The following question is from Modern Mathematical Statistics (Devore).
Consider the following observations: 0.83, 0.88, 0.88, 1.04, 1.09, 1.12, 1.29, 1.31, 1.48, 1.49, 1.59, 1.62, 1.65, 1.71, 1.76, 1.83
Assume that the distribution of the observations is normal.
b. Calculate a point estimate of the median of the observations and state which estimator you used. e. What is the estimated standard error of the estimator that you used in part (b).
Here are my responses: $$\\$$b. Given the assumption of normality, it is reasonable to use $\bar{x}$ as an estimate of the population median.In this case, $\bar{x}=1.3481$ $$\\$$e. Here I am unsure how to proceed. Is there a general formula for the standard error of a point estimate?
At this point your estimate of the standard error is $\frac{s}{\sqrt{n}}$, with $s$ being the sample standard deviation and $n$ the sample size.
The term "standard error" refers to the standard deviation of a statistic used to estimate the value of a parameter. If a random variable has a standard deviation, statistics such as the sample mean may also have a standard deviation, which we call the standard error.

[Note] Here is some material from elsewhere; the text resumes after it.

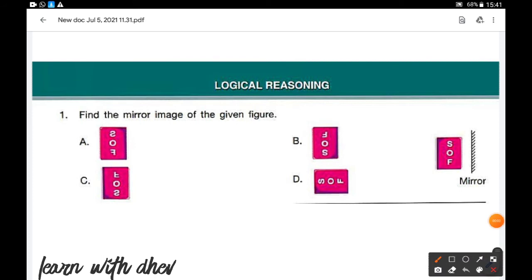Logical reasoning, the first question: find the mirror image of the given figure. In a mirror image, the right side of the object becomes the left side, and the left side becomes the right side. The top and bottom sides of the object remain unchanged.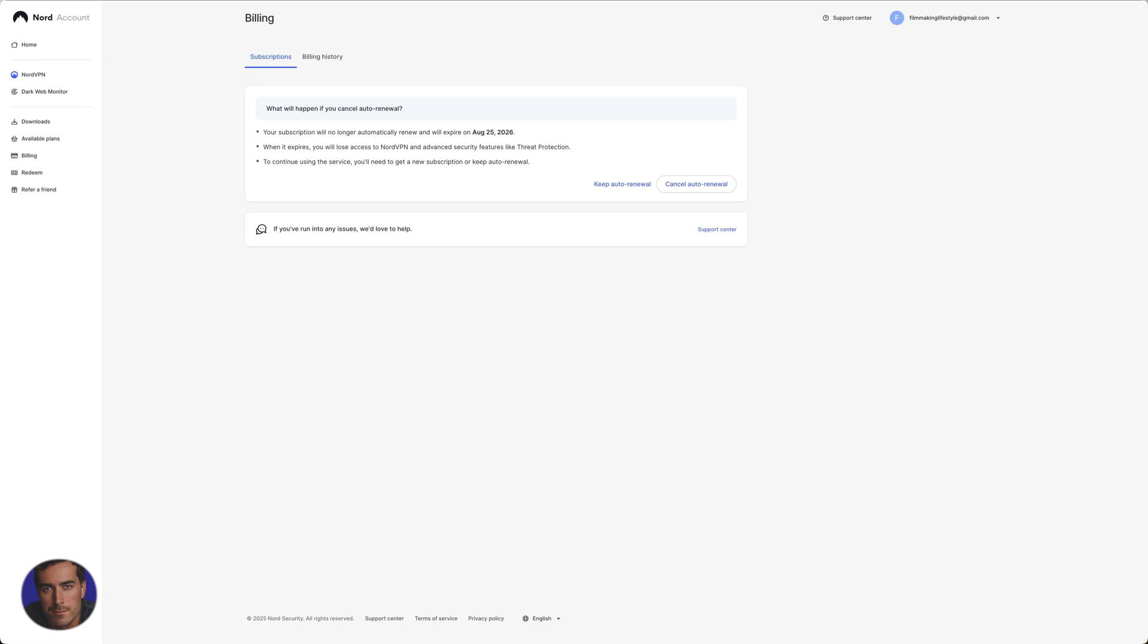Whether you're on monthly, whether you're on yearly, you won't be billed again. That is how to cancel your NordVPN account.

Since you are using the sample mean to estimate the median of a Normal distribution (which is the same as the mean of a Normal distribution), the population standard error would be $\frac{\sigma}{\sqrt{n}}$, where $\sigma$ is the population standard deviation; we use $s$ instead of $\sigma$ (usually presumed to be unknown) to estimate the standard error.
If you were using the median instead of the mean to estimate the population median (which would not be wise for Normally distributed data as the mean is a better estimator for what is ultimately the same quantity; the mean and the median are equal), you would have a different standard error, a larger one. I don't know if there is an exact formula for the standard error but there is an asymptotic (in other words, approximate) one that is more complicated and more difficult to get and compute.